Presentations were offered on a variety of topics from speakers with years of experience in the industry, discussing industry challenges such as safety audit priorities, maintenance training, navigating an intergenerational workforce, foreign material mitigation, customer expectations and more.
Dr. Ansen Pond, director of quality assurance and food safety at Pilgrim's, gave a Food Safety Modernization Act/Food & Drug Administration (FSMA/FDA) update where he discussed updated regulations, advice on working well with FSMA/FDA and being prepared for inevitable audits and inspections.
Dr. Pond encouraged attendees to practice an attitude of transparency and cooperation during audits and inspections, noting that how the industry handles these situations today sets the precedent for the industry of tomorrow.
"We have a new generation coming on," commented Dr.

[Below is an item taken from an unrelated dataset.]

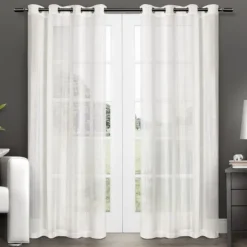 Kirkland's Home Curtains & Drapes-Stripe Sheer Curtain Panel Set, 96 In.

Pond. "How we handle these situations, whether it's FSMA, quality control or simply hot topics in the industry - this new generation is looking at the way we're handling this, how we communicate between different companies and how we work together."
Mike Hudlow, executive vice president of planning, engineering and construction for Darling Ingredients, Inc., and Brian Aldridge, shift manager at Simmons Feed Ingredients, shared a joint presentation on various organisational methods to improve safety and performance within industry plants.
Hudlow added onto the sentiments offered earlier that day by Dr. Pond, saying: "We talked about being prepared for audits. If you have a solid organisation system in place, and you're bringing someone in from outside of the industry, a clean, organised plant is going to severely lessen their concerns going into an inspection."
Natasha Bangel-Askren, senior food safety specialist for Hill's Pet Nutrition, discussed customer expectations, emphasising quality control in each facet of animal health and nutrition.
"When you're working with animal nutrition and specific prescription diets, it is crucial to make sure that a product is doing what it is intended to do," explained Bangel-Askren.
"In order to deliver on customer expectations, quality is key."